The Climate is a weekly look at what's good and what's not so good in the world of sports. While writing this column, I noticed that the last two box office winners were Hannah Montana: The Movie and Fast and Furious. Since I'm in Los Angeles and have worked with and know people in the entertainment industry, I'm now officially taking submissions for movie ideas. Clearly, industry standards have dictated that your movie need not include interesting characters, a well-paced story, or, really, a script. Please send submissions to I will then steal them for profit and immediately begin dating Kristen Bell. That is all.

The Portland Trail Blazers

With another home win over the Lakers, the Blazers have firmly established themselves as the "Young, Deep Team Nobody Wants to Play" when the playoffs get underway next week, especially at the Rose Garden.

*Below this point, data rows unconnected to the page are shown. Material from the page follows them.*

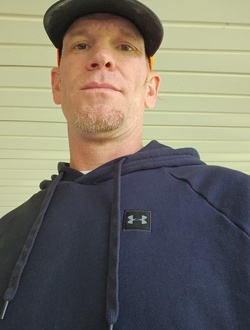 Jason's profile, a single 45-year-old a man in Tulsa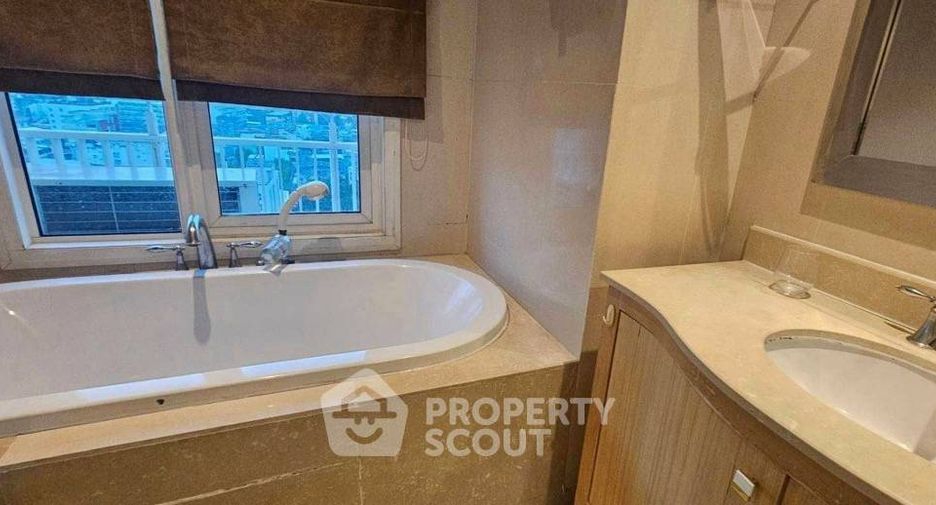 For sale 2 bedrooms condo in Sathon, Bangkok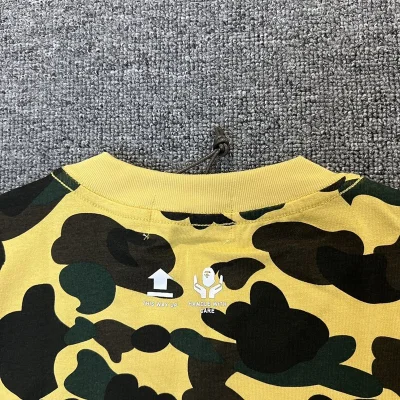 Футболка A Bathing Ape In Transit "Yellow/Black" фото № 4
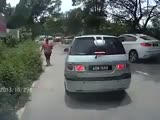 handbag robbing wtf style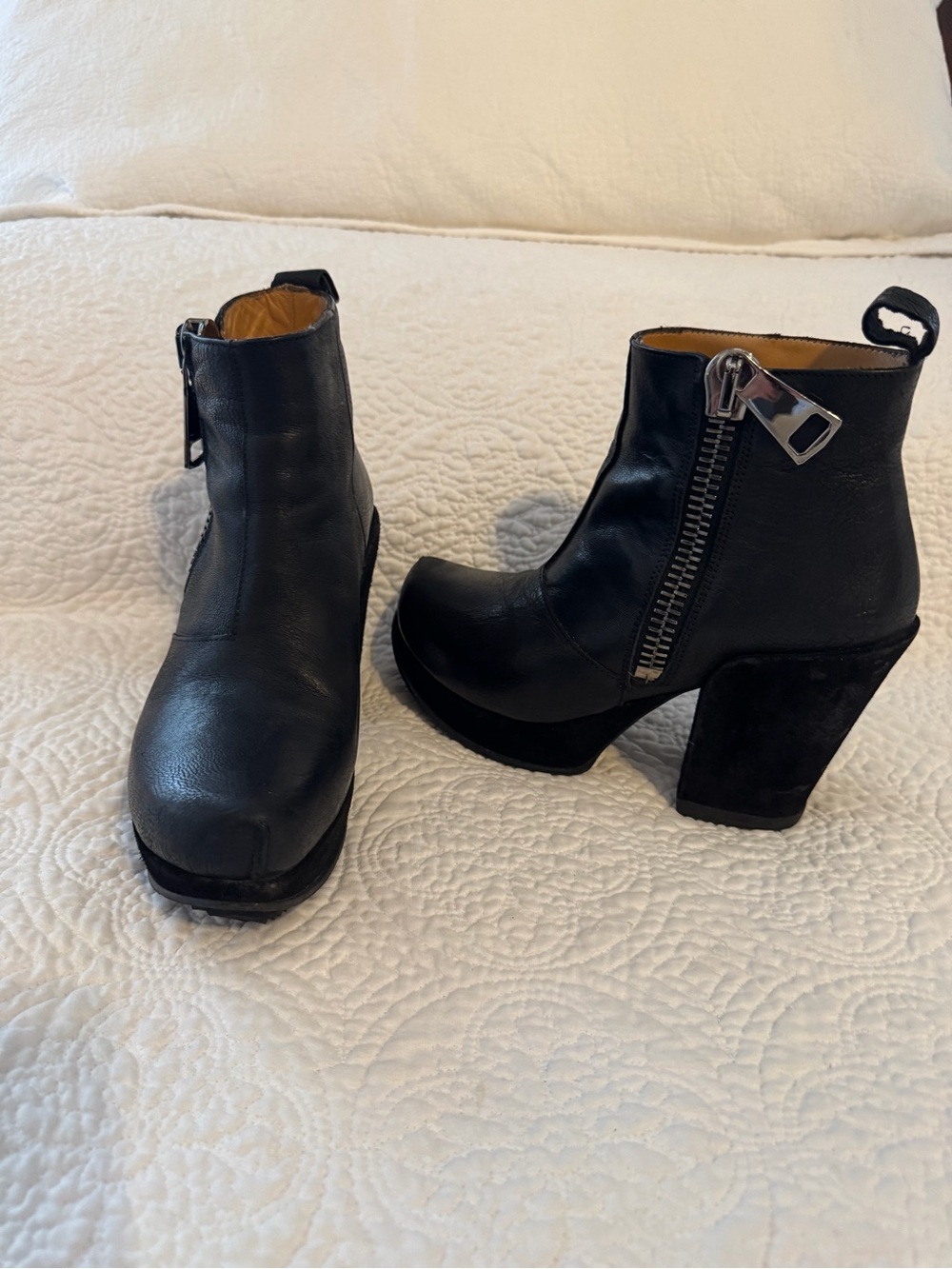 John Fluevog Prepared 2.0 Tinder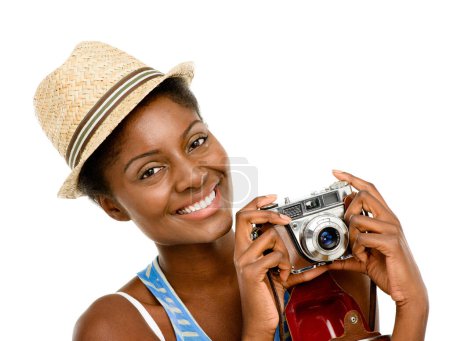 Foto de ¿Puedo tomarte una foto? Captura de estudio de una mujer joven tomando fotos con una cámara mientras viaja sobre un fondo blanco - Imagen libre de derechos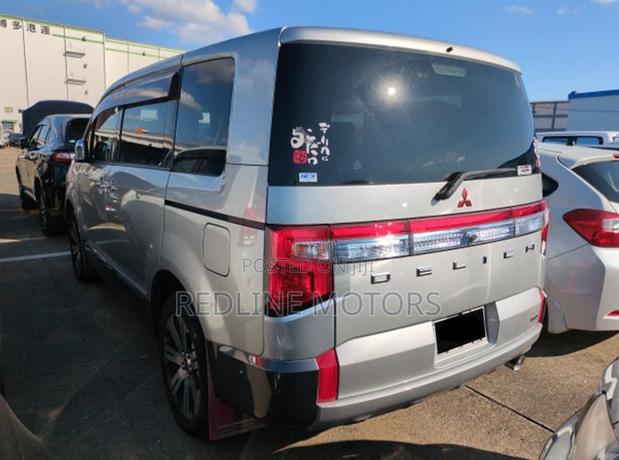 Mitsubishi Delica 2019 Silver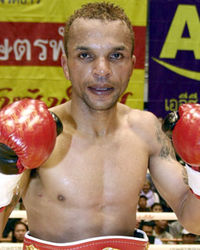 Amnat Ruenroeng boxer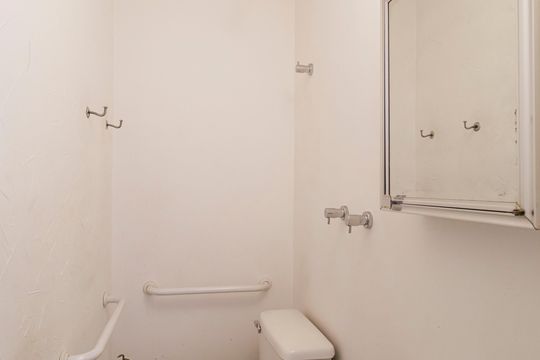 Comprar apartamento com 3 quartos, 1 suíte, garden, academia, churrasqueira e piscina no condomínio. — Banheiro de serviço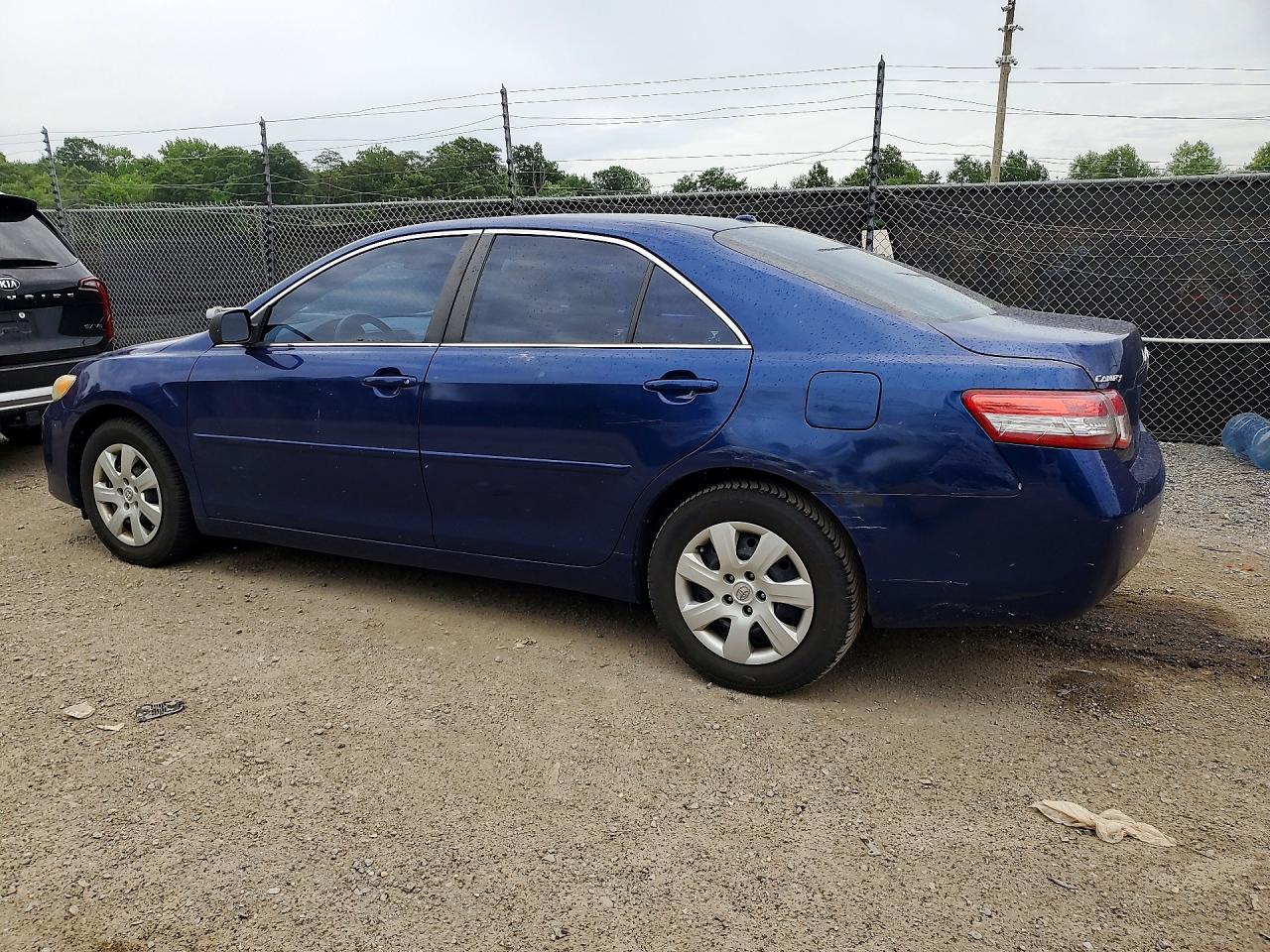 2010 TOYOTA CAMRY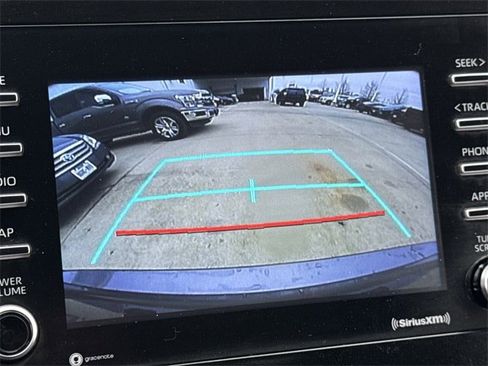 Used 2024 Toyota Camry SE image 17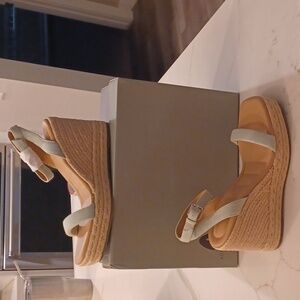 New Adam Tucker Whitley Light Blue Denim Wedge Espadrille Platform Sandals 9M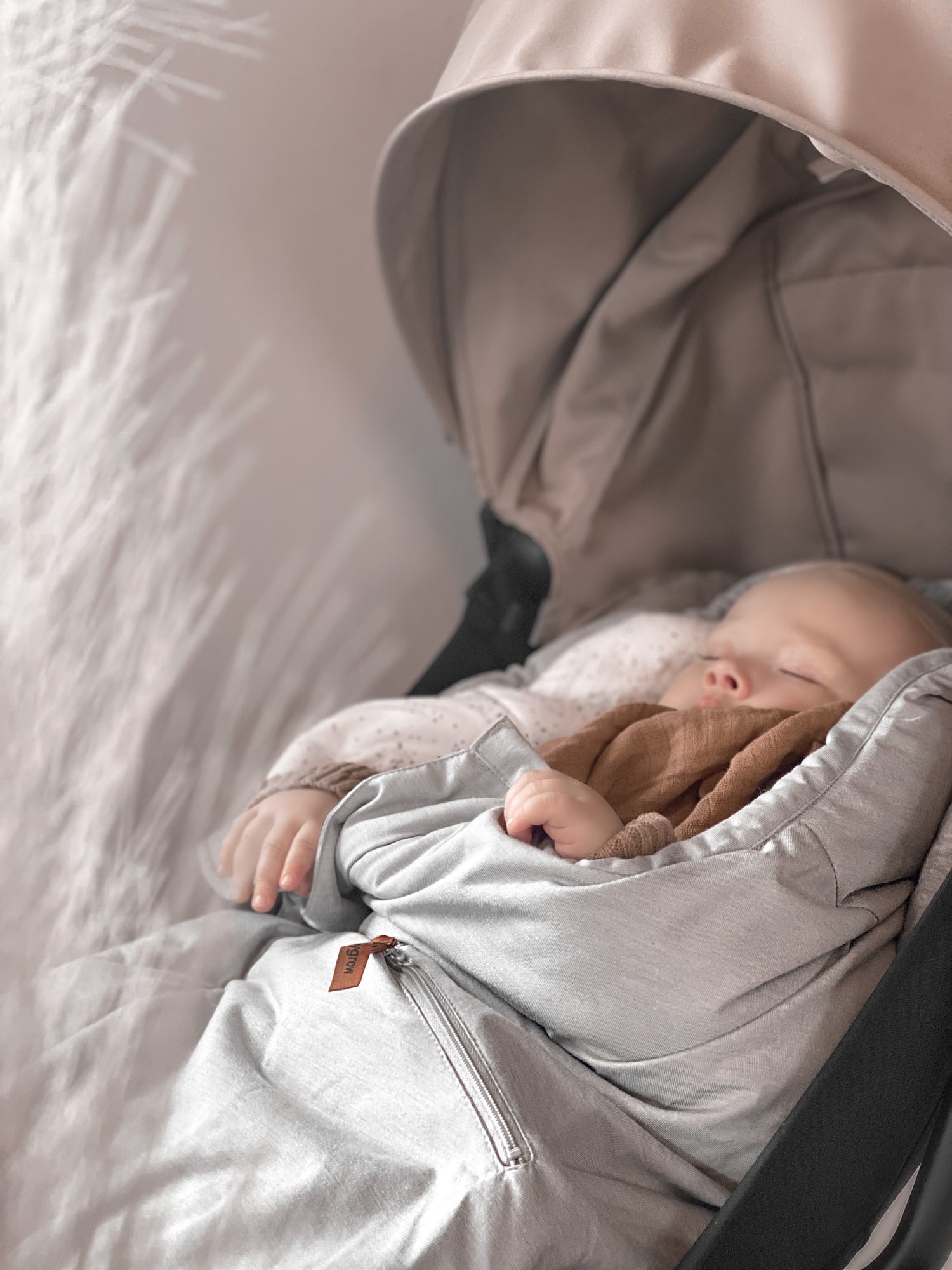 Easygrow LYNG kørepose - Grey - Kørepose - MamaMilla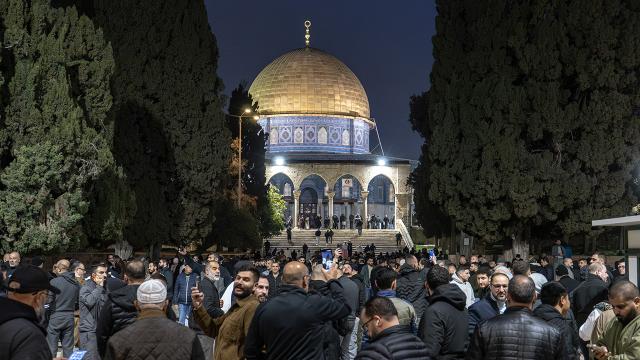 41 gün kapalı kalan Mescid-i Aksa yeniden açıldı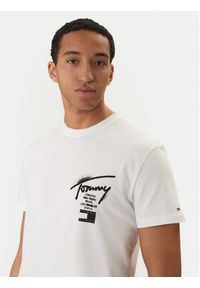 Tommy Jeans T-Shirt DM0DM22553 Biały Regular Fit. Kolor: biały. Materiał: bawełna #2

As a Lakers fan, it makes me yearn for the glory days when the Blazers were technically the most dangerous organized group of people in Oregon's Rose City.

Josh Pastner

With Winnie Cooper recently tying the knot, it's nice to know that the The Wonder Years' Kevin Arnold has been elevated to men's basketball head coach at Memphis. We're all looking forward to Daniel Stern's inevitable life-lesson voice-overs after heart-wrenching losses and season-building wins in 2009-10.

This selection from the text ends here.